Mrs. Balabanoff passed away less than a week after the convention and it thus fell upon the shoulders of Mrs. Kern and
her Secretary to supervise the publication of the 1920-21 yearbook.
The two conventions at which Mrs. Kern presided were at Wenatchee, in the Commercial Club Room, June 29-July 2, 1920; and
at Tacoma in the First Methodist Church, May 31-June 3, 1921. There were 237 registered delegates at the Wenatchee
convention and 367 delegates, including the General Federation president Mrs. Thomas G. Winter at the Tacoma convention.
The distinguishing feature of the Wenatchee convention was the substitution of department conferences for the usual 20
minute reports of the year's work given by the chairmen.
Special attention was given to such phases of Federation work as legislative problems, conservation, Americanization and thrift.
An effort was constantly being made to correlate the state committees and departments with those of the General Federation.

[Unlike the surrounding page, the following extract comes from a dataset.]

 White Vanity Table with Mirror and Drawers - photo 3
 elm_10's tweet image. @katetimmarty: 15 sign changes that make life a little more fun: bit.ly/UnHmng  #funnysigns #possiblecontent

The structure overlapped to a considerable degree and at the Tacoma convention, the bylaws were so amended as to conform as
nearly as possible with the departments of the General Federation.
The aftermath of the war still affected club work. Investigation showed that the conservation needs of this state were
preservation of some of our big trees, forest fire protection and reforestation.
During these years, birds had a conspicuous place on the Conservation programs, not only from the aesthetic but also from the
economic aspects. Exhibits were put on at state fairs showing which birds were to be protected from the hunter's gun. Interest
in bird study and the building of bird houses were fostered among the children. It was pointed out that if all birds were
destroyed, all vegetation would soon perish. A resolution was passed, recommending to the State Superintendent of Instruction
the study of bird life be included in the nature study course of the schools of the state.
On June 3, 1921, a new federal immigration law went into effect, restricting for a period of 14 months, immigration to 3% of
all nationals who were in the country in 1910. As many as 5,000 foreigners entered the country in one day and assimilation was impossible. There was danger to our own state for an alarming increase in illiteracy and this in turn furnished tools for unscrupulous political bosses.
The music clubs in the Federation bemoaned the age of "jazz" and urged the organization of music clubs to create a taste for
It was resolved to create a new committee to be known as the Motion Picture Committee, and whose duties would be to work
for better and cleaner pictures and particularly for pictures suitable for children.